The statistics of the pilgrimage cannot be given with certainty and vary much from year to year. The quarantine office keeps a record of arrivals by sea at Jidda (66,000 for 1904); but to these must be added those travelling by land from Cairo, Damascus and Irāk, the pilgrims who reach Medina from Yanbu and go on to Mecca, and those from all parts of the peninsula. Burckhardt in 1814 estimated the crowd at Arafa at 70,000, Burton in 1853 at 50,000, ‘Abd el-Razzāk in 1858 at 60,000. This great assemblage is always a dangerous centre of infection, and the days of Mina especially, spent under circumstances originally adapted only for a Bedouin fair, with no provisions for proper cleanliness, and with the air full of the smell of putrefying offal and flesh drying in the sun, produce much sickness.

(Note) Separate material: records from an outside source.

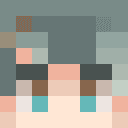 Day0ff_'s avatar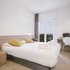 hotel jolly roger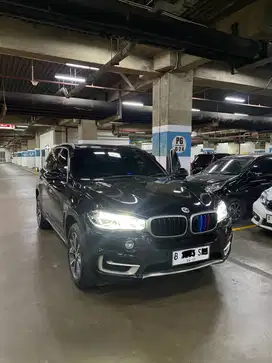 BMW X5 2015 Hitam black bmw x5 2014 x5 2016 xdrive f15 record jual bu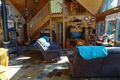 Property photo of 36 Terrace Falls Road Hazelbrook NSW 2779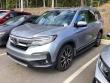 2022 Honda Pilot Touring 8 Passenger SUV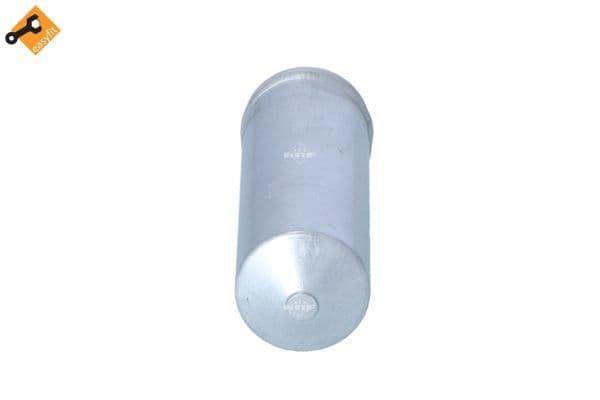 Droger voor airconditioning past: VOLVO S40 I, V40  MITSUBISHI 3000 GT, CARISMA, COLT IV, COLT V, COLT VI, GALANT VII, GALANT VIII, LANCER V, LANCER VI, MIRAGE IV, PAJERO SPORT I 1.3-3.0 01.90-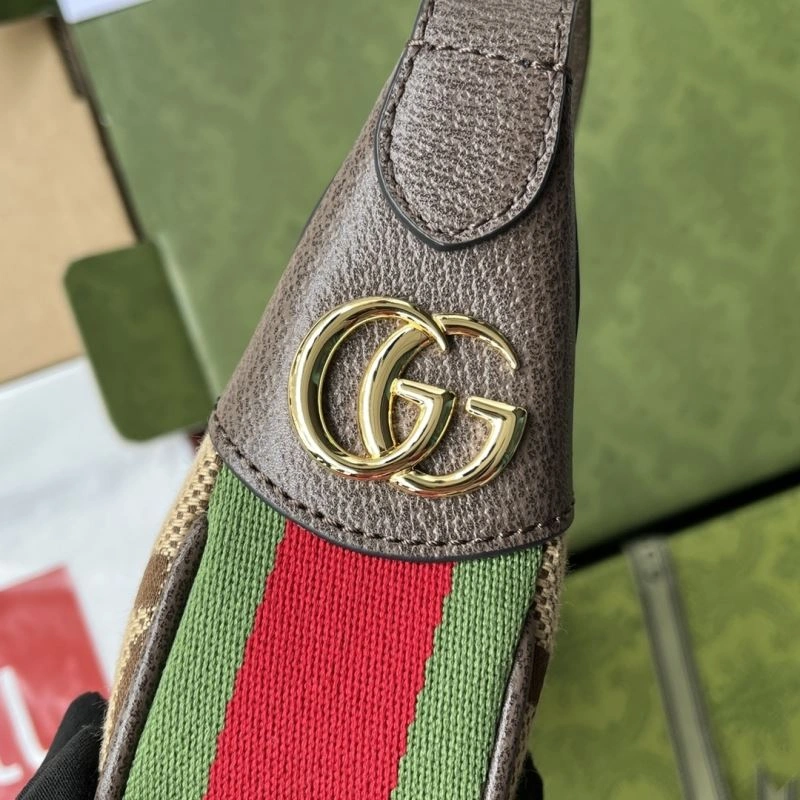 HighQuality Gucci Hobo Bags 77741
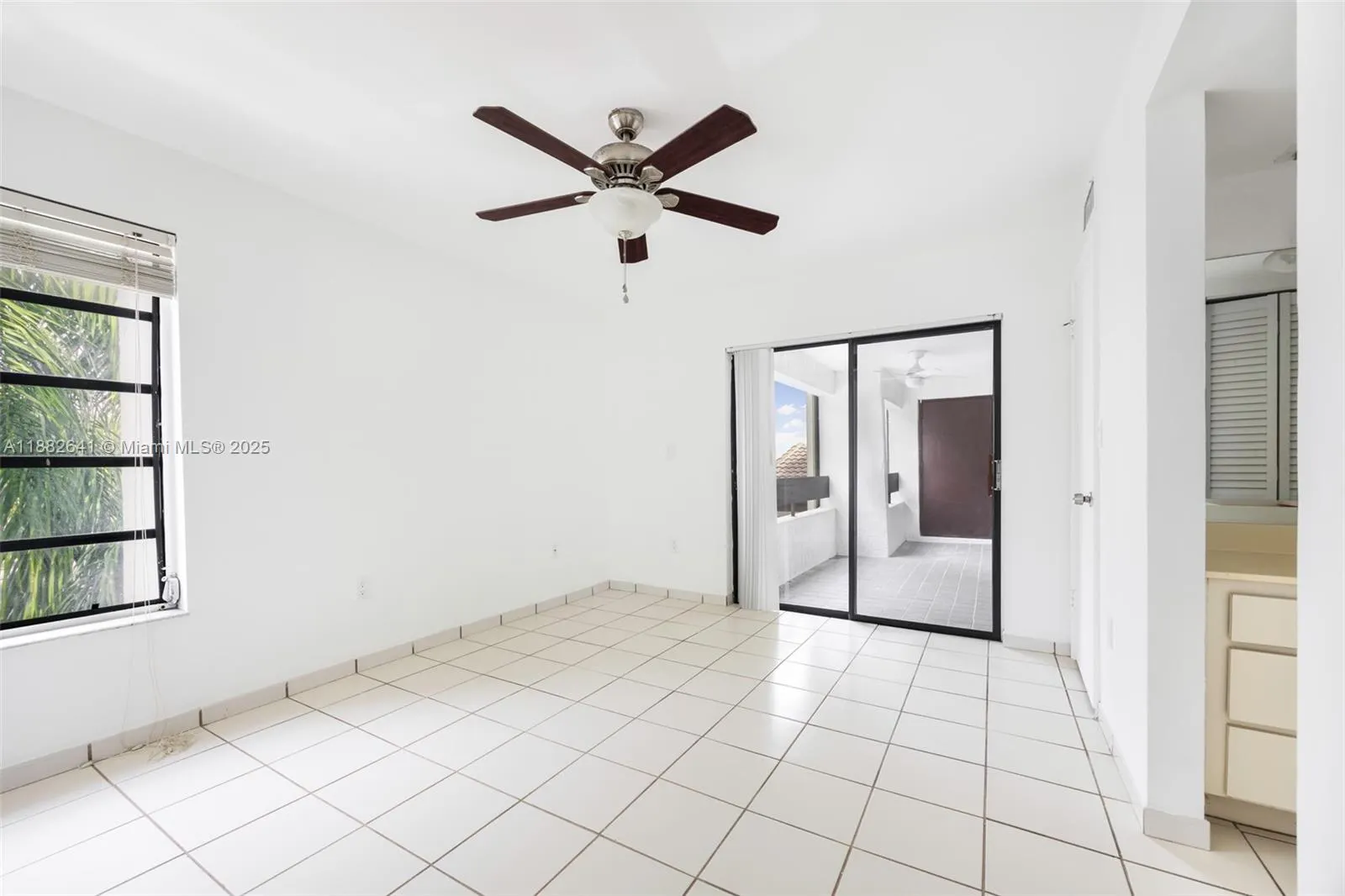 9140 SW 123rd Ct, #301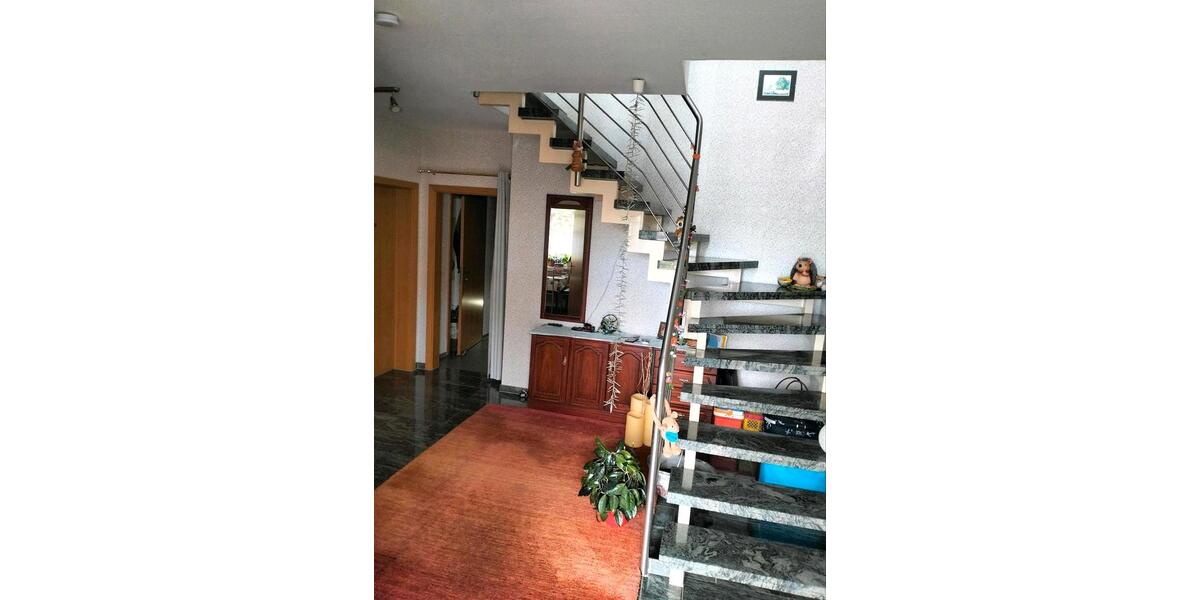 Einfamilienhaus Wolmirstedt - 5 Zimmer, 170 m&sup2;, 535.000&euro; | Angebot:26602951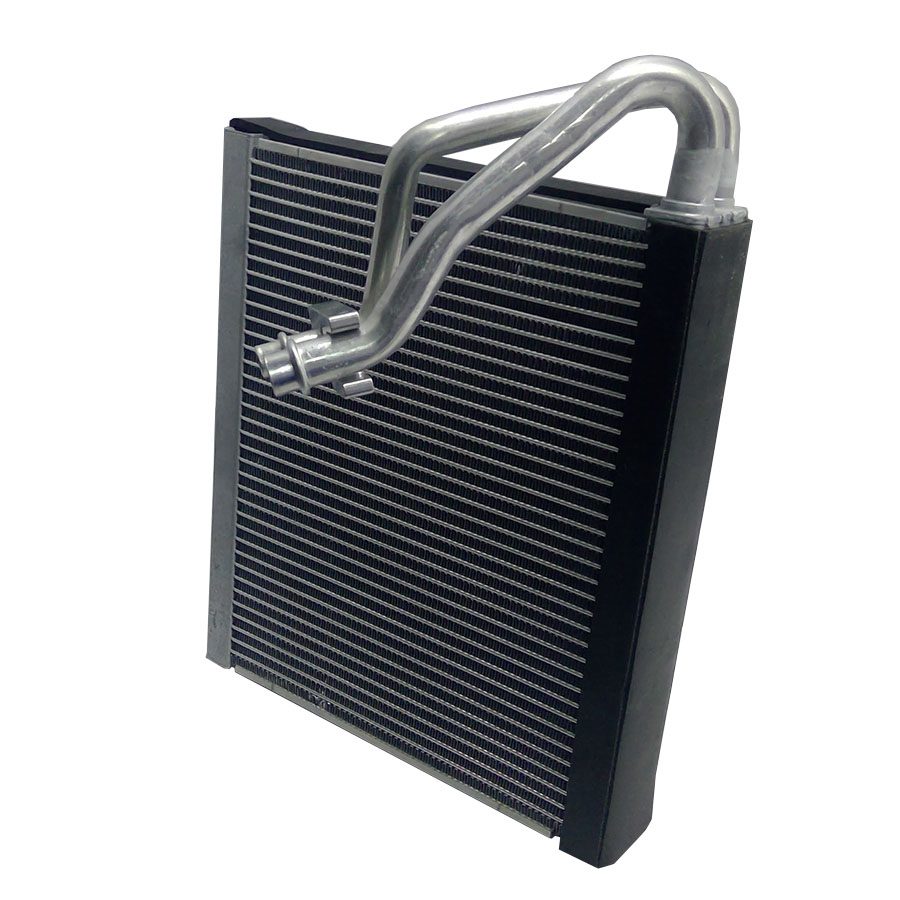 EVAPORADOR NISSAN SENTRA 13-20 GLOBAL A/C WIND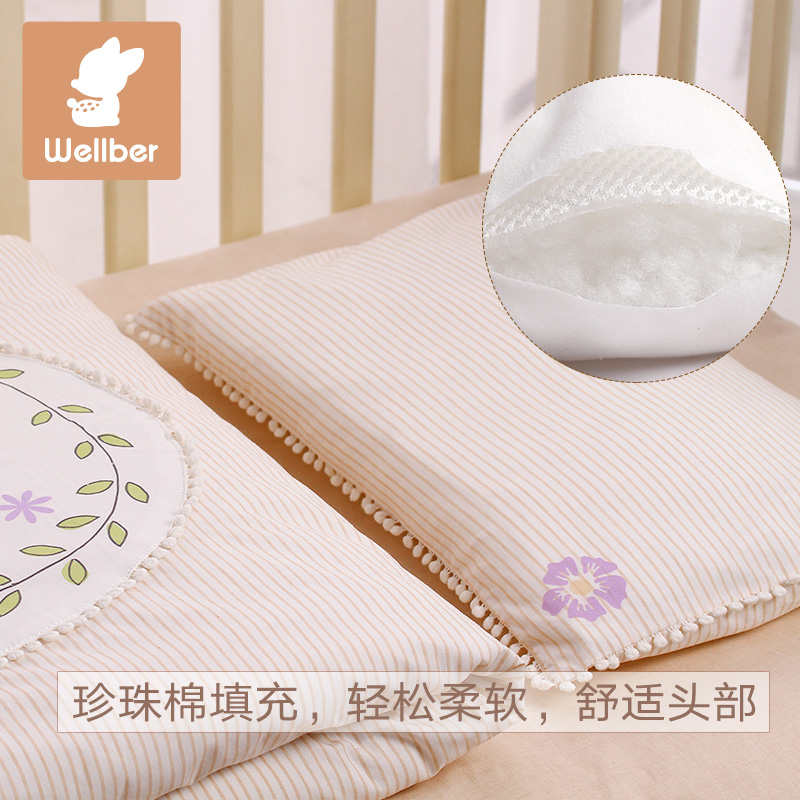 ������³����Ӥ����Ʒ�ļ���16311510203A1145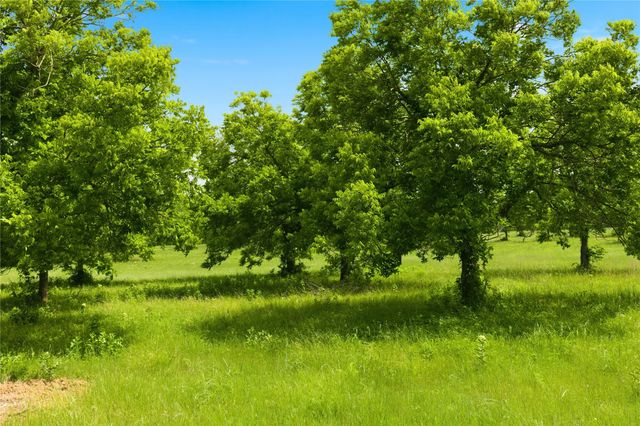 Lot 3 County Road 3430, Lone Oak, TX 75453
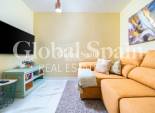 Venta - APARTAMENTO -
La Veleta - Costa Blanca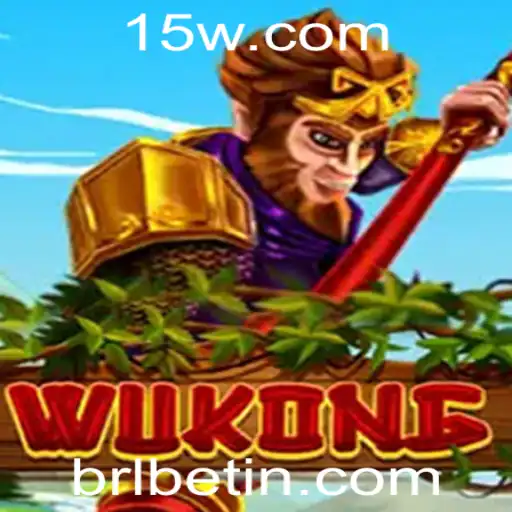 Descubra o Mundo Empolgante de Wukong: Um Jogo Inovador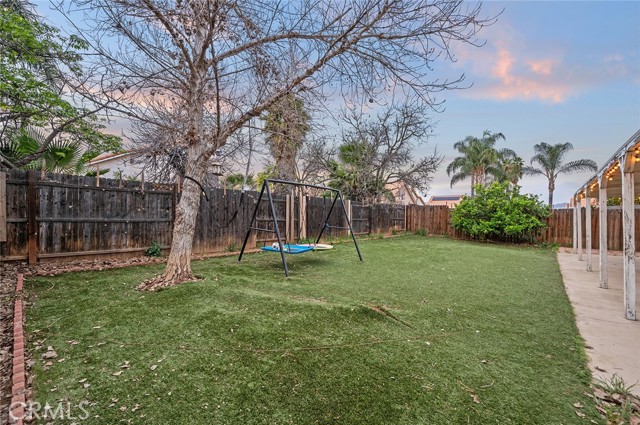 Detail Gallery Image 31 of 36 For 16151 Nippet Lane, Moreno Valley,  CA 92551 - 3 Beds | 2 Baths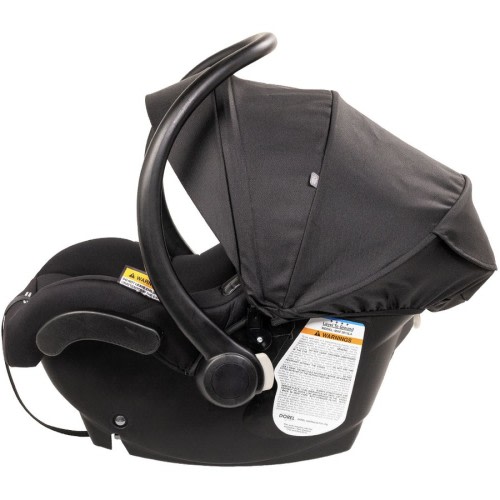 Mother's Choice Eden Baby Capsule | 0-6 months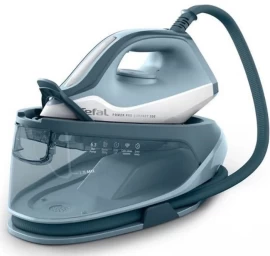Lyginimo sistema Tefal SV6212E0
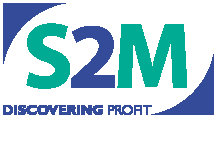 Specialists in the identification and recovery of duplicate and overpayments. No recovery - No fee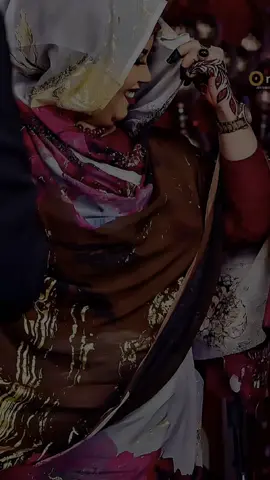 بت القلعه #ندي_القلعة🎤🎹   #CapCut  #اكسبلورexplore❥🕊 #هاشتاقات_تيك_توك_العرب 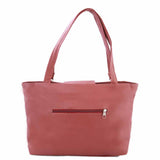 Women's Handbag (ZH-44) - Maroon, Women, Bags, Chase Value, Chase Value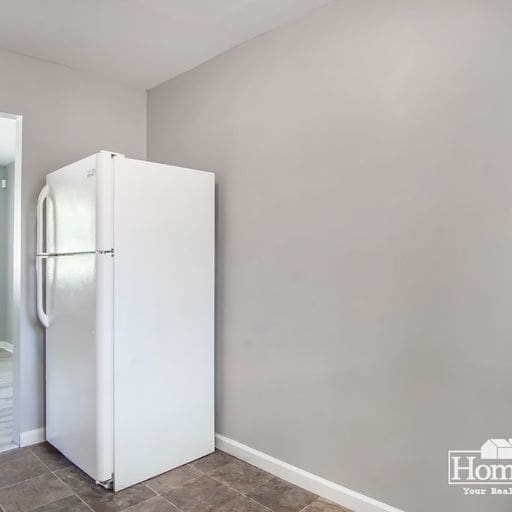 1642 N Elmer St – photo 4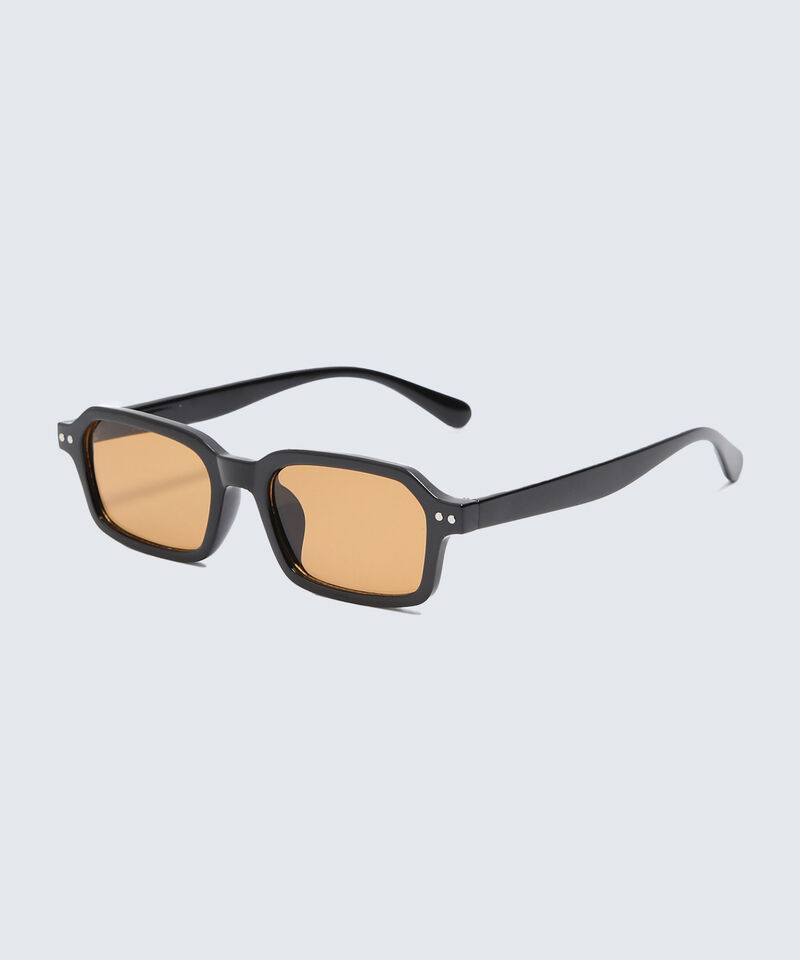 Gafas para mujer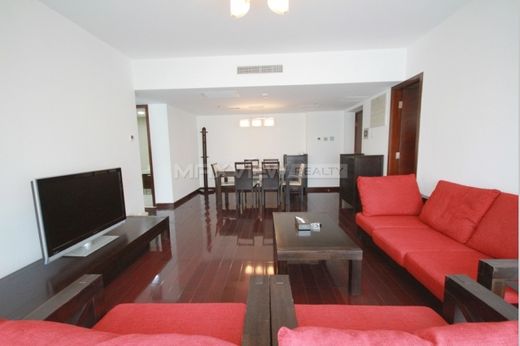 Apartment in Beijing, Beijing Municipality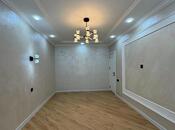 Satılır 3 otaqlı köhnə tikili 85 m², Həzi Aslanov m., photo 6 from 8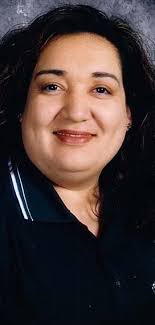 70 Javelina Athletes Make Spring Academic Lists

Literature.—Besides the Arabic geographers and cosmographers, we have Ibn ‘Abd Rabbih’s description of the mosque, early in the 10th century (‘Iḳd Farīd, Cairo ed., iii. 362 sqq.), but above all the admirable record of Ibn Jubair (A.D. 1184), by far the best account extant of Mecca and the pilgrimage. It has been much pillaged by Ibn Baṭūta. The Arabic historians are largely occupied with fabulous matter as to Mecca before Islām; for these legends the reader may refer to C. de Perceval’s Essai. How little confidence can be placed in the pre-Islamic history appears very clearly from the distorted accounts of Abraha’s excursion against the Hejāz, which fell but a few years before the birth of the Prophet, and is the first event in Meccan history which has confirmation from other sources. See Nöldeke’s version of Ţabarī, p. 204 sqq. For the period of the Prophet, Ibn Hishām and Wāḳidī are valuable sources in topography as well as history. Of the special histories and descriptions of Mecca published by Wüstenfeld (Chroniken der Stadt Mekka, 3 vols., 1857-1859, with an abstract in German, 1861), the most valuable is that of Azraqī. It has passed through the hands of several editors, but the oldest part goes back to the beginning of the 9th Christian century. Kutbeddin’s history (vol. iii. of the Chroniken) goes down with the additions of his nephew to A.D. 1592.